Pluralistic: 04 Jun 2020


Today's links



Minneapolis racists threaten arson over BLM signs (permalink)

An anonymous person (or persons) has been terrorizing people in Minneapolis with notes threatening to murder them through arson in retaliation for lawn signs supporting Black Lives Matter.

http://www.citypages.com/news/threatening-notes-left-at-houses-with-black-lives-matter-signs/570960031

The notes say things like "Your neighbors are sick of riots and your SJW shit," and “Your sign 'bullshit matters' comes down or you and your home will burn real quiet while you sleep in it!"

The Roseville Police Department is investigating the threats; however, the Ramsey County Sheriff's Department has not yet been formally notified about similar notes in Falcon Heights.



White House recants "antifa bricks" conspiracy (permalink)

If you are follow the uprisings across America, you have probably encountered both right- and left-wing commentators speculating that piles of bricks at the sites of the protests were "staged" – either by "antifa" or by right-wing accelerationists or agents provocateurs.

The White House released a supercut of bricks at protest sites, claiming evidence that "antifa" provocateurs were hoping to create vandalism and violence, but they were forced to retract it after it was debunked (but not before it had 1m+ views).

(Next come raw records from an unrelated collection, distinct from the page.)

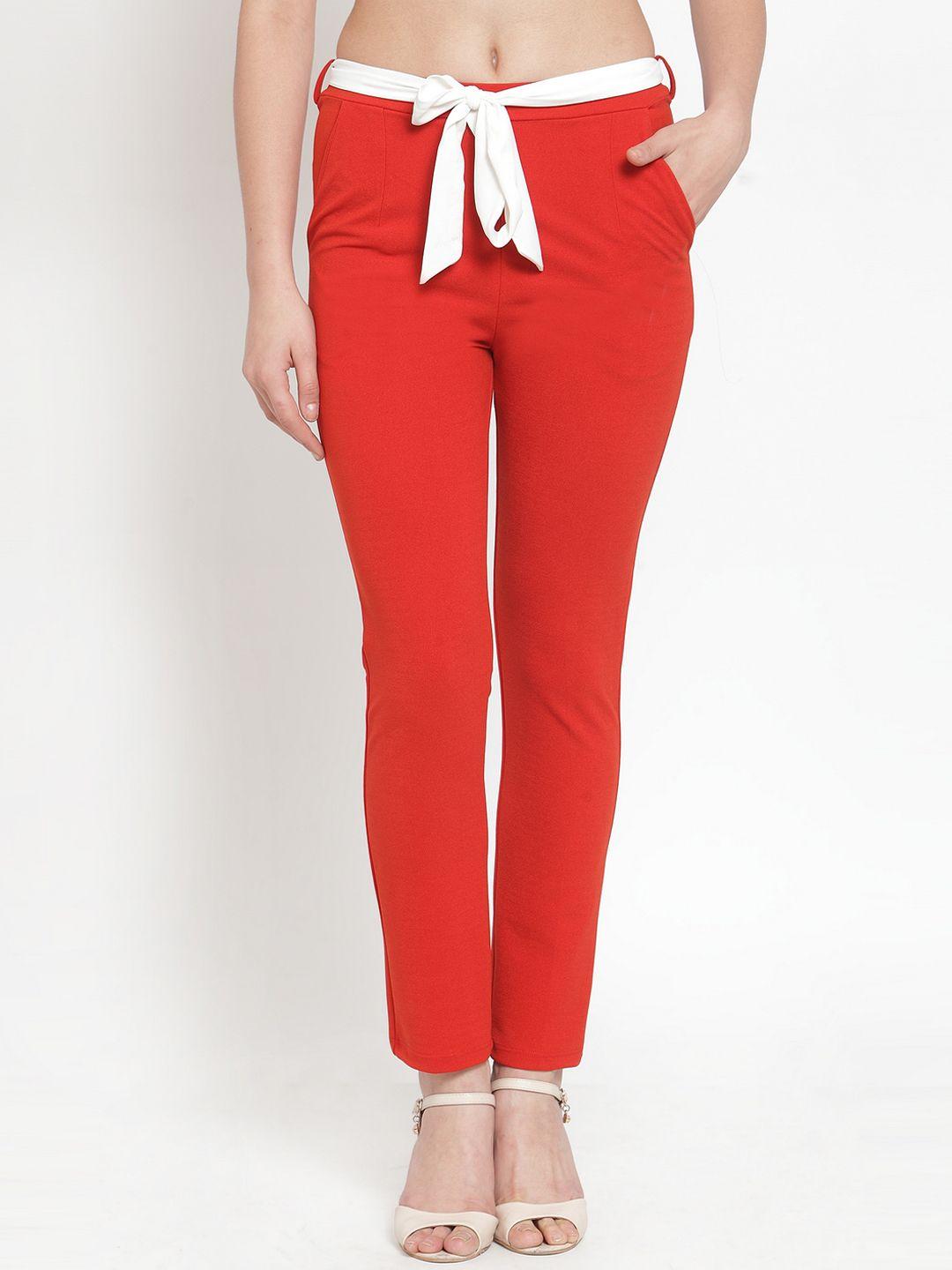 kassually women rust red slim fit solid peg trousers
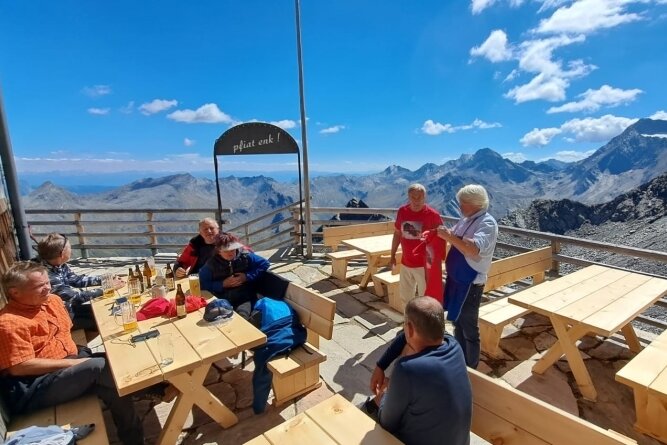 Auf der mit neuen Holztischen und -bänken ausgestatteten Terrasse der Zwickauer Hütte vor dem herrlichen Alpenpanorama.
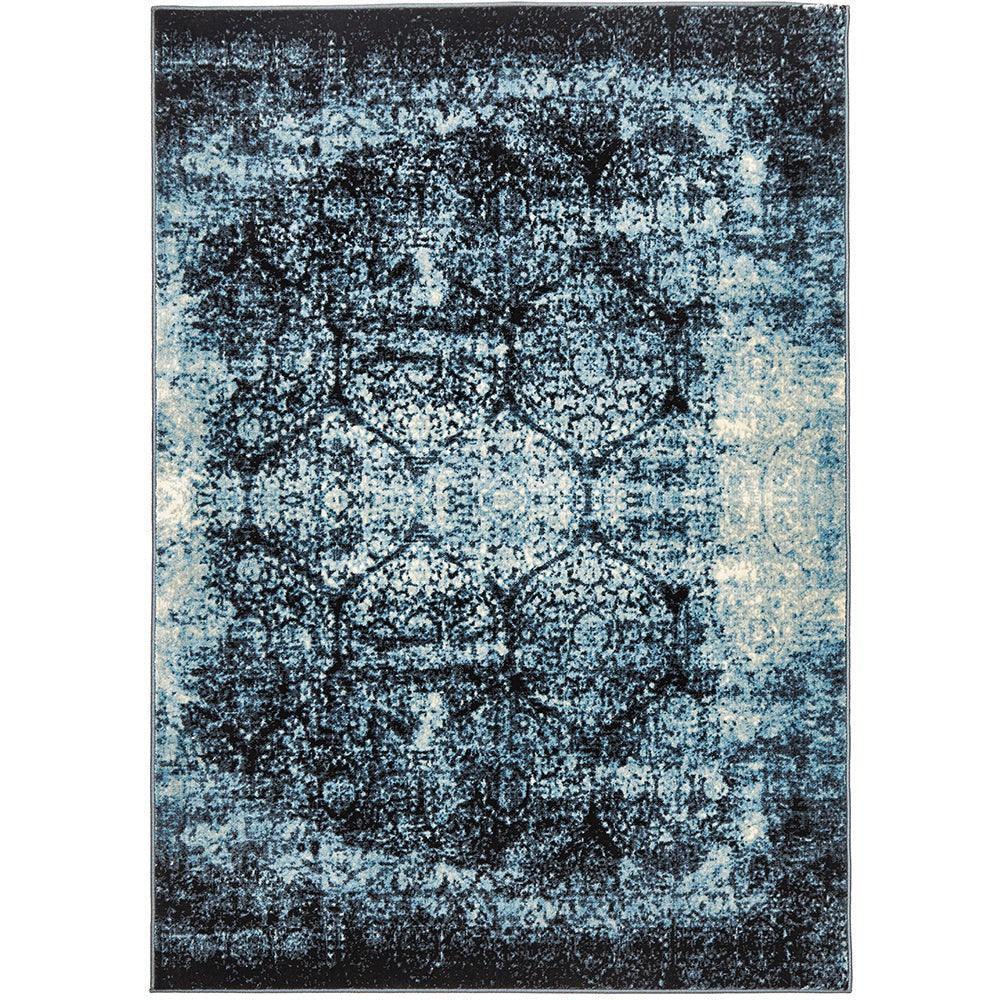 Calypso Navy Rug featuring distressed vintage medallion in navy, sky blue and teal on dark gradient background, machine-made synthetic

https://theintercept.com/2020/06/04/white-house-forced-retract-claim-viral-videos-prove-antifa-plotting-violence/

The White House removed the video, but The Intercept saved a copy. You can watch it here:

https://youtu.be/72bmj167s-4

And though the incidents in the video were thoroughly debunked, it does raise the question, "Why are there so many piles of bricks at these protest sites?"

The answer's pretty mundane: cities have a lot of routine construction, which requires piles of bricks. Protests are happening all over cities. Some of those protests will be near piles of bricks (it would be weird if no protest ever happened near piles of bricks).

You could produce a supercut of protesters near any urban commonplace: Starbucks, park benches, tall buildings, liquor stores, churches, McDonald's restaurants… Anything that is widespread in a city will overlap with protests in that city.

What's more, it's not outlandish to assume that cops or far-right extremists (including/especially the "Boogaloo" accelerationists) are infiltrating protests and hoping to incite violence.

American law enforcement has used agents provocateurs against protests for as long as there have been protests:

https://theintercept.com/2020/06/02/history-united-states-government-infiltration-protests/

And white nationalists have been caught posing as Black Lives Matter activists on Twitter in order to incite violence.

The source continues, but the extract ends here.